▸ **What the task asks**:
Retype, word for word, each line between the lines holding "Let's say the inclined" and "For more information, visit", inclusive, and leave the rest of the data alone.

▸ **Data shown**:
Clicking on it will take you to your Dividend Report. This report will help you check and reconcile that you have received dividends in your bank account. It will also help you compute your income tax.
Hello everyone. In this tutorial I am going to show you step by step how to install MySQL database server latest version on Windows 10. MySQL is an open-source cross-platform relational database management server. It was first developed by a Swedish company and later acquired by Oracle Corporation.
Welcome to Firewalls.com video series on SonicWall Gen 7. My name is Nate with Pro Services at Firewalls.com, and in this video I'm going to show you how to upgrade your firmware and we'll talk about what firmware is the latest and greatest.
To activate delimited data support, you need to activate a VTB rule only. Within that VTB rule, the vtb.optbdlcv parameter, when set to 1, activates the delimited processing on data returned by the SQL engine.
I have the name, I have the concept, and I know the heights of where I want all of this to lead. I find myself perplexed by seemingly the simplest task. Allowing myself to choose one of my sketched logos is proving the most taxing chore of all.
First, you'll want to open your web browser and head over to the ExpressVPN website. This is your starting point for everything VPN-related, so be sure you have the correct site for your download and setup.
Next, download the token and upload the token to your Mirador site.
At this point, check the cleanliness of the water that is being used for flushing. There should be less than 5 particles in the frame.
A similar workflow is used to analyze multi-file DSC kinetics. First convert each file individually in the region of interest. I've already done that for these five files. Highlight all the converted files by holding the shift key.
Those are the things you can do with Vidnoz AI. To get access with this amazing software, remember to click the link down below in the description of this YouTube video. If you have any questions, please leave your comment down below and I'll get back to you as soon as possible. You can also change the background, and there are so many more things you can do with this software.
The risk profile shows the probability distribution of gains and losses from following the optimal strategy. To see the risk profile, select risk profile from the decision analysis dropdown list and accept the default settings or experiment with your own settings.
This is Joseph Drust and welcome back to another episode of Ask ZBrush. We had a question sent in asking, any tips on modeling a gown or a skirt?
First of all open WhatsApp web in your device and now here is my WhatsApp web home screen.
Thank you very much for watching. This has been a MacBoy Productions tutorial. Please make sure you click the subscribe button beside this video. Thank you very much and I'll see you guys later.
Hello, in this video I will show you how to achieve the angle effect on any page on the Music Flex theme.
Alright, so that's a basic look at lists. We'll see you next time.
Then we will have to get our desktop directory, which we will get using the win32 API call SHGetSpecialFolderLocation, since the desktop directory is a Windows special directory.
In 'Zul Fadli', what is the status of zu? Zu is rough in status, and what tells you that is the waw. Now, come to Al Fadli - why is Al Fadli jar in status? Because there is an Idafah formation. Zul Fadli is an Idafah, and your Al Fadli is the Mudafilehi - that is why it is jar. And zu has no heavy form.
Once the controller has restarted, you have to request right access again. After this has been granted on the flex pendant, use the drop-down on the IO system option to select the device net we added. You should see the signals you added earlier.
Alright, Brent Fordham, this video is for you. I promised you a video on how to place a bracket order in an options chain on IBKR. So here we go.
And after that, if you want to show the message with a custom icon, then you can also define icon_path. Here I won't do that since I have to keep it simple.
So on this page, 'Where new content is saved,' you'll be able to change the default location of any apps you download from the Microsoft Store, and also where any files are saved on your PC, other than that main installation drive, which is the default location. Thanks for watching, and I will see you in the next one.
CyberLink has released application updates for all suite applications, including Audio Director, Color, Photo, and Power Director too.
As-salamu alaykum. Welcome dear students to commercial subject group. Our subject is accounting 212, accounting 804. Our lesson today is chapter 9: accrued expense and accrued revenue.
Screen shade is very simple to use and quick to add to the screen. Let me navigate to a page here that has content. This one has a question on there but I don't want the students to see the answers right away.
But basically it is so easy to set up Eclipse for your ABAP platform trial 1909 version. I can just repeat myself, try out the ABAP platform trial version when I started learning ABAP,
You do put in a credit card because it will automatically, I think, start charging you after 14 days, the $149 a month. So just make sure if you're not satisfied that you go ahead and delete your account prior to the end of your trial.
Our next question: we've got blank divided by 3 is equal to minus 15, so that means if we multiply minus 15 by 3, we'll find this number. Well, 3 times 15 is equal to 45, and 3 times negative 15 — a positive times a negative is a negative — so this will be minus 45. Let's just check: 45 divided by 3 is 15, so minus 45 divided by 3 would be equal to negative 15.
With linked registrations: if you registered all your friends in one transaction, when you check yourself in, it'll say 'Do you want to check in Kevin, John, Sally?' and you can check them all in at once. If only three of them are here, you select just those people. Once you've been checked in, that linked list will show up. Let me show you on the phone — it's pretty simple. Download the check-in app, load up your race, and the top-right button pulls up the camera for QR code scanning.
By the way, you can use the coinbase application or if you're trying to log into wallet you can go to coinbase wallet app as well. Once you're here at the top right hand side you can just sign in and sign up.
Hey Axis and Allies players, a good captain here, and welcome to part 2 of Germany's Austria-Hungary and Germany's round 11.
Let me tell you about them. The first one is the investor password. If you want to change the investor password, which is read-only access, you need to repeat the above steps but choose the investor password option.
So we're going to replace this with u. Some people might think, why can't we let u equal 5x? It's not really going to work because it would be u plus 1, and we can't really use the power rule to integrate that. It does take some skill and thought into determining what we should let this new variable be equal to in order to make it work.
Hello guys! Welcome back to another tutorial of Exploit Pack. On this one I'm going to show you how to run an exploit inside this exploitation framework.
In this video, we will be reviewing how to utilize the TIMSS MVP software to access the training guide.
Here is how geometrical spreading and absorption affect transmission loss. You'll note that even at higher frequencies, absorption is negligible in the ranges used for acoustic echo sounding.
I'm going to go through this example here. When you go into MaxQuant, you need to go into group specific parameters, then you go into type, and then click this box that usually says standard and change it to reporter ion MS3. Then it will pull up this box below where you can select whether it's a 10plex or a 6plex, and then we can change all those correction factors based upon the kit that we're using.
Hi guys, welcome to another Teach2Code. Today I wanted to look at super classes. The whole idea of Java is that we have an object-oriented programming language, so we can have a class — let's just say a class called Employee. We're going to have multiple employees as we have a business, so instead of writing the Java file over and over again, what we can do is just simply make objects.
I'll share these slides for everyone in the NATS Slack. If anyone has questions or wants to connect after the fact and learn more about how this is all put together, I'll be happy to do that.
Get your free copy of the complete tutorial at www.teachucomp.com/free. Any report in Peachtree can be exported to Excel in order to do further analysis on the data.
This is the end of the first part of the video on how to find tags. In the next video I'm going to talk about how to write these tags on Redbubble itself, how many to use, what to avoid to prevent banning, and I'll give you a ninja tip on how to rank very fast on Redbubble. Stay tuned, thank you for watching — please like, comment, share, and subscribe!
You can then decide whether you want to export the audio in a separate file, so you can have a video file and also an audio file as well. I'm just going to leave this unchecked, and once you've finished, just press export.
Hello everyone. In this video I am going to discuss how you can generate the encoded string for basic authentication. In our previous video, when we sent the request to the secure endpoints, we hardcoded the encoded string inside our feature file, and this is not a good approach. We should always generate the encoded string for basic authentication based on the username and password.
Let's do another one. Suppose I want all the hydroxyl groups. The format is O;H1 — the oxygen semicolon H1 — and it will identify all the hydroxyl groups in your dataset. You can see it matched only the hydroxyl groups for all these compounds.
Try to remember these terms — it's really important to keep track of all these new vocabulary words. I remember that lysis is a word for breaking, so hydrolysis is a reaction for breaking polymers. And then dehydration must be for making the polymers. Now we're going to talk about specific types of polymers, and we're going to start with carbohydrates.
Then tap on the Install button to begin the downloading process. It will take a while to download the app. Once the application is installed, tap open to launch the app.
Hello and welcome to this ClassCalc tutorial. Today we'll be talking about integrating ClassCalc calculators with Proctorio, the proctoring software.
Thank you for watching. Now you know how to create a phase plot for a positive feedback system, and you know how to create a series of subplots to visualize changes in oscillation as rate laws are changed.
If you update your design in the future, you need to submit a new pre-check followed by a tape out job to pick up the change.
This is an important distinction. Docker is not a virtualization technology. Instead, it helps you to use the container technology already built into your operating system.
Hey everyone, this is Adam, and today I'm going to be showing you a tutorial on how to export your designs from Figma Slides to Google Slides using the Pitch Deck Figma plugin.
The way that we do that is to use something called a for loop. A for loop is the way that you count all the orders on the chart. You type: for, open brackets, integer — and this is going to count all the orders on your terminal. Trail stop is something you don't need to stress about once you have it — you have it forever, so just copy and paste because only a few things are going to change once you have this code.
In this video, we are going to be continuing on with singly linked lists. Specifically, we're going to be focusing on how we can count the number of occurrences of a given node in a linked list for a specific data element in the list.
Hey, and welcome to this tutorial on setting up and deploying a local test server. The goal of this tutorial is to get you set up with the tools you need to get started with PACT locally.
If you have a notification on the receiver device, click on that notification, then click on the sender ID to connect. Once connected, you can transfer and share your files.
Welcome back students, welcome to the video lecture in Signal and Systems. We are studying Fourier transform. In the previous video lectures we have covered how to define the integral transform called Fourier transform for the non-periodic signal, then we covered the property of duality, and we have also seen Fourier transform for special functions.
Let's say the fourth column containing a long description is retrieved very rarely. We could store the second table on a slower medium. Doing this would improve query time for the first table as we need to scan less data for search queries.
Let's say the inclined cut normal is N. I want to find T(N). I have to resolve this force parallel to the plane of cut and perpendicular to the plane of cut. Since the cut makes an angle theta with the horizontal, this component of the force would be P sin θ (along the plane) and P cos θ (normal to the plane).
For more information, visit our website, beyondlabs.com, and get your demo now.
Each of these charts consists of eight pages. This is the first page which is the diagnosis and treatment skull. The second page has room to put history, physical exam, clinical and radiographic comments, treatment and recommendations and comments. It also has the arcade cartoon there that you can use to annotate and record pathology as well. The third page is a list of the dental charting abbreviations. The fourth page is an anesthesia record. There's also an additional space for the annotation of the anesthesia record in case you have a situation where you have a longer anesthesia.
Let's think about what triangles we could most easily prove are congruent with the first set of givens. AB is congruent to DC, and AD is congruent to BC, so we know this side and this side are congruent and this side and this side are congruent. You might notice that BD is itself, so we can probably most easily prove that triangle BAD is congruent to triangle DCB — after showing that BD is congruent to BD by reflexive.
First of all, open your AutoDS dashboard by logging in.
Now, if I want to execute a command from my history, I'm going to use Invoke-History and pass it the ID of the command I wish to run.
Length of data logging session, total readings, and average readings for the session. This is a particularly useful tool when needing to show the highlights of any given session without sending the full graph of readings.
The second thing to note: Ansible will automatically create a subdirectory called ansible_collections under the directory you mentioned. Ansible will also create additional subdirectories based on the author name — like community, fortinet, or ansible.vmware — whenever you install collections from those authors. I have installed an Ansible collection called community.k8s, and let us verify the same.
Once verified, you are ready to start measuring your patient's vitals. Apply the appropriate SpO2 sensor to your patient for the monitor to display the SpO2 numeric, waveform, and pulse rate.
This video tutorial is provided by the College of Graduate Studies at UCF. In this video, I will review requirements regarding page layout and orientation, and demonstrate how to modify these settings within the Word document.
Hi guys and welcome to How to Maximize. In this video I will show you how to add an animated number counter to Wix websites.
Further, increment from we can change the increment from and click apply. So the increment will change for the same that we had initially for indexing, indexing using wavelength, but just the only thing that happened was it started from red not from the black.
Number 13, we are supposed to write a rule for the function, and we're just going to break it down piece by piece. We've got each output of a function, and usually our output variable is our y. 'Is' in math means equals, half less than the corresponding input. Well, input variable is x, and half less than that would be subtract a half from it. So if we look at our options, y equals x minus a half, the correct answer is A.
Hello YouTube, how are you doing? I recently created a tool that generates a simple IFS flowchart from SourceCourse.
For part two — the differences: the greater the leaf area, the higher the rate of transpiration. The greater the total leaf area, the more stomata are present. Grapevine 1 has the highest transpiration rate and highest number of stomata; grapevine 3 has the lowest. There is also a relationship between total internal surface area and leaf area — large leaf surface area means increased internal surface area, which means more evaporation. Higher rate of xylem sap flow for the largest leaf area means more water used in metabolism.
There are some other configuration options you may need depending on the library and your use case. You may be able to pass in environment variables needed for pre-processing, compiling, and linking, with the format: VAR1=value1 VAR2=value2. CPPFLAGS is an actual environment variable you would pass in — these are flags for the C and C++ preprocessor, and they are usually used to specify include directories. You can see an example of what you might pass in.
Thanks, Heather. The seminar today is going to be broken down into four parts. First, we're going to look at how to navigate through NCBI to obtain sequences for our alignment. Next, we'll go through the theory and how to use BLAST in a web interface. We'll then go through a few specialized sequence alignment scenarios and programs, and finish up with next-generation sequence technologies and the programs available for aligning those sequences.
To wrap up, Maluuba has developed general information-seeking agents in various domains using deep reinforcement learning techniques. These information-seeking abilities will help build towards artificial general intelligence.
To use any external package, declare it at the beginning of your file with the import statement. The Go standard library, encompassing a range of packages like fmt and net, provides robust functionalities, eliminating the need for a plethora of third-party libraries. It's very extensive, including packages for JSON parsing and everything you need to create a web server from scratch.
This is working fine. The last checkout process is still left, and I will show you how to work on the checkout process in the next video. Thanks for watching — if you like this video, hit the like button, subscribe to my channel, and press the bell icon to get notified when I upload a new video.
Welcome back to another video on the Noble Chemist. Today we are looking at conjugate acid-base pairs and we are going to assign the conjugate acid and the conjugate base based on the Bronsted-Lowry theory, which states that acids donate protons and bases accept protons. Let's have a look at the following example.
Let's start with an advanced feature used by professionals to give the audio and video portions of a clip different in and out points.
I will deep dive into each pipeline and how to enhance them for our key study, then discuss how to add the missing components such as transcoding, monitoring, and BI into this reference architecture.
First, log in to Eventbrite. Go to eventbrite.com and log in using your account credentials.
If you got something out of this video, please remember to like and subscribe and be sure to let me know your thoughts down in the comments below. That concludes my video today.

▸ **Exercise response**:
Let's say the inclined cut normal is N. I want to find T(N). I have to resolve this force parallel to the plane of cut and perpendicular to the plane of cut. Since the cut makes an angle theta with the horizontal, this component of the force would be P sin θ (along the plane) and P cos θ (normal to the plane).
For more information, visit our website, beyondlabs.com, and get your demo now.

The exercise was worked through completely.